» PROMPT: Look through the entries below. Say how many lines include "Picture", with nothing added.

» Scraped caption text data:
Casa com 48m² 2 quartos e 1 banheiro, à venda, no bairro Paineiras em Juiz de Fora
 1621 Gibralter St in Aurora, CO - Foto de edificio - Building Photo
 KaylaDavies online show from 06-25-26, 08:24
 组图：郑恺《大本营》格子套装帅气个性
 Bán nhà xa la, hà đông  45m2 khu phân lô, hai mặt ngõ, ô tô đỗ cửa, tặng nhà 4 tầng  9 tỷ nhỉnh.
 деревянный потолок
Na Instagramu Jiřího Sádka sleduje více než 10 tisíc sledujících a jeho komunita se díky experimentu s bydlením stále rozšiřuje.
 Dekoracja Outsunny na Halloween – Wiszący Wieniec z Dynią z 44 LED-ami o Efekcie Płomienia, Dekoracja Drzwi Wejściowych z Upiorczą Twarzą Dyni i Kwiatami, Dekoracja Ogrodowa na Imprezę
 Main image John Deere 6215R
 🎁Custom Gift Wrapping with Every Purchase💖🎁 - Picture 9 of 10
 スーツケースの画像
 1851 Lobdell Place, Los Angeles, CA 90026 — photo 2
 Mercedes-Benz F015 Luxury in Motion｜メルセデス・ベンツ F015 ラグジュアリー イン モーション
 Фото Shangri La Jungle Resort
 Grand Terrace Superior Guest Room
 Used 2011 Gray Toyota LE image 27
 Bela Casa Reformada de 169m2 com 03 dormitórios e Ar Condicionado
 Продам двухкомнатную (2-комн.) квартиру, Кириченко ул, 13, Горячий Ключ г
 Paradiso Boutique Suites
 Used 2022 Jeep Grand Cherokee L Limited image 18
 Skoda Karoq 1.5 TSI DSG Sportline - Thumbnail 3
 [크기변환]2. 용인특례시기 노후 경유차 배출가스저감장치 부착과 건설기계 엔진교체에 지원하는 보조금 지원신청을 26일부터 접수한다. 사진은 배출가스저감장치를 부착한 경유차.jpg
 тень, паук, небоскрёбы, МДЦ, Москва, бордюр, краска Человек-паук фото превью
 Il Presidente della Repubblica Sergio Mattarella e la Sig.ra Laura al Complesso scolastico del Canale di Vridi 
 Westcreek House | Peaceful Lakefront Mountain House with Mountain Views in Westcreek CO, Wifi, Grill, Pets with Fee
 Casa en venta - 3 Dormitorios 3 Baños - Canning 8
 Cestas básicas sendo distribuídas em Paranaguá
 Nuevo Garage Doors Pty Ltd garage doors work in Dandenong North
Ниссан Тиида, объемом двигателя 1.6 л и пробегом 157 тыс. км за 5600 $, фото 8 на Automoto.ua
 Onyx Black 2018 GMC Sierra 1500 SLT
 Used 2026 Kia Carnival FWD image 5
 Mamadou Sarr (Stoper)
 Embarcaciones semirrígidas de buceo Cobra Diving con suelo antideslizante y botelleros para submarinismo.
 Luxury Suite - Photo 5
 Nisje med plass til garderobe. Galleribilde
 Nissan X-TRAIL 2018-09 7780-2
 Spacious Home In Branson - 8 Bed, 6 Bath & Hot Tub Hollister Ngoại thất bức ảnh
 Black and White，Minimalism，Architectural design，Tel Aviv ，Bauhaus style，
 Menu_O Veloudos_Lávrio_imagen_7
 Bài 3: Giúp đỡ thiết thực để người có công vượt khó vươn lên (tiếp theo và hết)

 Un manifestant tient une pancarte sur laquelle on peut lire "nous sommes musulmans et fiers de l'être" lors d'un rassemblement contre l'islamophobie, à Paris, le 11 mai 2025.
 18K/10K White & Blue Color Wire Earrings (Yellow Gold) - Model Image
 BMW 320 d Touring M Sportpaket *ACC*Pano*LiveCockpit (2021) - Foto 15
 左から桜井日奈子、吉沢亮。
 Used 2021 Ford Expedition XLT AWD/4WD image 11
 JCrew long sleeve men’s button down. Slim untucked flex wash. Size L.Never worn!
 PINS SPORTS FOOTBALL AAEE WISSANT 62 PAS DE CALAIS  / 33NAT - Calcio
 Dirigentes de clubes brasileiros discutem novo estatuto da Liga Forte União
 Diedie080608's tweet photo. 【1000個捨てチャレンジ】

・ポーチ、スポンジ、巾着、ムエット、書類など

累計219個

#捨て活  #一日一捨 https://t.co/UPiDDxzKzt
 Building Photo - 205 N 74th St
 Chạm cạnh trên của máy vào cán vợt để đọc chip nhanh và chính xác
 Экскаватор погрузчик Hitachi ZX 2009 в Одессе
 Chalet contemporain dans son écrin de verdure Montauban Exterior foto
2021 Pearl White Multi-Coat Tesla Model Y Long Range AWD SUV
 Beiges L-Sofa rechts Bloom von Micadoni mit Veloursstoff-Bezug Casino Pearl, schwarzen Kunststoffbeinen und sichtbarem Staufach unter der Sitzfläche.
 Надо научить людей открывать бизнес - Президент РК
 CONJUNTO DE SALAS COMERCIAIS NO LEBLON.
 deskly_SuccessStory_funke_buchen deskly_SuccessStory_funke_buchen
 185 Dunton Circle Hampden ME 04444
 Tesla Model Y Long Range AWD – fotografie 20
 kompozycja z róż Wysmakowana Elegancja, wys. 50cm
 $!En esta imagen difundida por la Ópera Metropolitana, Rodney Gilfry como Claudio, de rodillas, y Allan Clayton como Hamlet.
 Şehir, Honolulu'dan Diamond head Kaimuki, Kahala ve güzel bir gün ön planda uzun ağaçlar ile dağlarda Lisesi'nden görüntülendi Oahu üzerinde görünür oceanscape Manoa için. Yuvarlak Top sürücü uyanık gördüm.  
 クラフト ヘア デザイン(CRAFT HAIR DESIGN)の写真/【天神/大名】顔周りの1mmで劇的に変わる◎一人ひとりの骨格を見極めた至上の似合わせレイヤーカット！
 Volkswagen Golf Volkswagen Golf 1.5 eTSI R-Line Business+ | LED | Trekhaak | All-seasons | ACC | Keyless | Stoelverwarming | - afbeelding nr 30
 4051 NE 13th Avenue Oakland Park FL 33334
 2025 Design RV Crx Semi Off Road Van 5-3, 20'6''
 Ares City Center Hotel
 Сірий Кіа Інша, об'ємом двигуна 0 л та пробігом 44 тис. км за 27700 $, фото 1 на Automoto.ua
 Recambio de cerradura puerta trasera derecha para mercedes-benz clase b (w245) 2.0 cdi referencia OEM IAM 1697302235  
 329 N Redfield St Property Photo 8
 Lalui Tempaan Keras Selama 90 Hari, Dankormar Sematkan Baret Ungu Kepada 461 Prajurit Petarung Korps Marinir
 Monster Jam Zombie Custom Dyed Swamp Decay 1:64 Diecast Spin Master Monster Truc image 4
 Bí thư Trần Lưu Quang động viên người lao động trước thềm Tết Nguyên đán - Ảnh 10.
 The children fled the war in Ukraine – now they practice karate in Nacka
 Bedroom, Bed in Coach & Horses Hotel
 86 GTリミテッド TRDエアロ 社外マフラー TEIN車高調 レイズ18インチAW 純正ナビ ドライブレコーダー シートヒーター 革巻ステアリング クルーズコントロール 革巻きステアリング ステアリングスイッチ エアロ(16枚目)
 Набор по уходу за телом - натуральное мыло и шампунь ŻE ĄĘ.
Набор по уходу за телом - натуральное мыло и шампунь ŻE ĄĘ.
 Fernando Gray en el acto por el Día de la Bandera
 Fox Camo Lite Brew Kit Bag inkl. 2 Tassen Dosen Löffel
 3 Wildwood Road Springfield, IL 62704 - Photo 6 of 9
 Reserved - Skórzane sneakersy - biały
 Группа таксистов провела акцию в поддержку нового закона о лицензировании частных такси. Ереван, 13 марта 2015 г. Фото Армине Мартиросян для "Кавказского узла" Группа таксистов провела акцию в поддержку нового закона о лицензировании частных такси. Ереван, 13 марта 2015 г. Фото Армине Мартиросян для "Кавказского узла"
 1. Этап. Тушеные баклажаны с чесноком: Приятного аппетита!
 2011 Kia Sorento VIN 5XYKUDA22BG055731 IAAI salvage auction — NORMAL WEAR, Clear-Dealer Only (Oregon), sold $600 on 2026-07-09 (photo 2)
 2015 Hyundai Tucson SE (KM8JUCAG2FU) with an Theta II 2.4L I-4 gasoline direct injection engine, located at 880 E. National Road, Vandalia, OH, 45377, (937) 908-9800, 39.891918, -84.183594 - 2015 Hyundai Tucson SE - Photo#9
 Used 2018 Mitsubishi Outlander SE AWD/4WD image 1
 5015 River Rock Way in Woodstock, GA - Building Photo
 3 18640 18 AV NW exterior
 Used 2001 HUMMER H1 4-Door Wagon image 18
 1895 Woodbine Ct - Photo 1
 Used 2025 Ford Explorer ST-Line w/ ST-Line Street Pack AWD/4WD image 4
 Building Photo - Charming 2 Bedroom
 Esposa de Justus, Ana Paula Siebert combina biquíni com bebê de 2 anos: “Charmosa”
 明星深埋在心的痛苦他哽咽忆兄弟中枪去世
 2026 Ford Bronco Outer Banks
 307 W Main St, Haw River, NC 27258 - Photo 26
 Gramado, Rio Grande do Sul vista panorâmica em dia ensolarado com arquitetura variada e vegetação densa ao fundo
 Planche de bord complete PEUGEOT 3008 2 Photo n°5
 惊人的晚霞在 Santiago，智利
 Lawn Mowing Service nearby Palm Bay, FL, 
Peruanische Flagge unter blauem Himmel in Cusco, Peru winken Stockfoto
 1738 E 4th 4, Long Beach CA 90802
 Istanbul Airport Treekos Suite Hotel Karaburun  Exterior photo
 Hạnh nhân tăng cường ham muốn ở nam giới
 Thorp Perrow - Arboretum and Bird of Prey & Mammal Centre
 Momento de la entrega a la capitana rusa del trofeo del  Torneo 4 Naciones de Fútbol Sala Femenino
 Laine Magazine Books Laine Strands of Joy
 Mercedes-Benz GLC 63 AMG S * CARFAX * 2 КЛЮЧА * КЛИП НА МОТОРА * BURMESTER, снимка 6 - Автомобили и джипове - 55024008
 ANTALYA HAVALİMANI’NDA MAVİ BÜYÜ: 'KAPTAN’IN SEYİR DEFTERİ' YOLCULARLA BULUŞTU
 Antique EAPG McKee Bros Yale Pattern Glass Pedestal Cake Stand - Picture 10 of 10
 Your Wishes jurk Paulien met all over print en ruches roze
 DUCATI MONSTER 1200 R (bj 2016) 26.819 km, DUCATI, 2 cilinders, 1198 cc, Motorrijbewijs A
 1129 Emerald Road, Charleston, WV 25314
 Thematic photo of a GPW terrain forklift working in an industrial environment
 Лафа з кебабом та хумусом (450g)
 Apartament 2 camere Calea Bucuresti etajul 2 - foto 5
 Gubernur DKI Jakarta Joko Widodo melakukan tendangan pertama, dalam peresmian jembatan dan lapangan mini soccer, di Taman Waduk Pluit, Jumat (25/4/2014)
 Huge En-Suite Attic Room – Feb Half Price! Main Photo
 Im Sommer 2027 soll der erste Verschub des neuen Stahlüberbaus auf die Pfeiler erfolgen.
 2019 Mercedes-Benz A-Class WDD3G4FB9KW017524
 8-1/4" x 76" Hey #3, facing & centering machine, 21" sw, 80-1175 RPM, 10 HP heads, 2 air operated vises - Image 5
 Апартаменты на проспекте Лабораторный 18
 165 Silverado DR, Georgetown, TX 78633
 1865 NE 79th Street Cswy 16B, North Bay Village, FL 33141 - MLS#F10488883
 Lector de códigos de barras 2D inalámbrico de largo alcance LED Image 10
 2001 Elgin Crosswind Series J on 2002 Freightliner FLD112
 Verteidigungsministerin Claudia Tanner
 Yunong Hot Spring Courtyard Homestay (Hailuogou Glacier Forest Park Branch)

» SOLUTION FOR THIS TASK: 2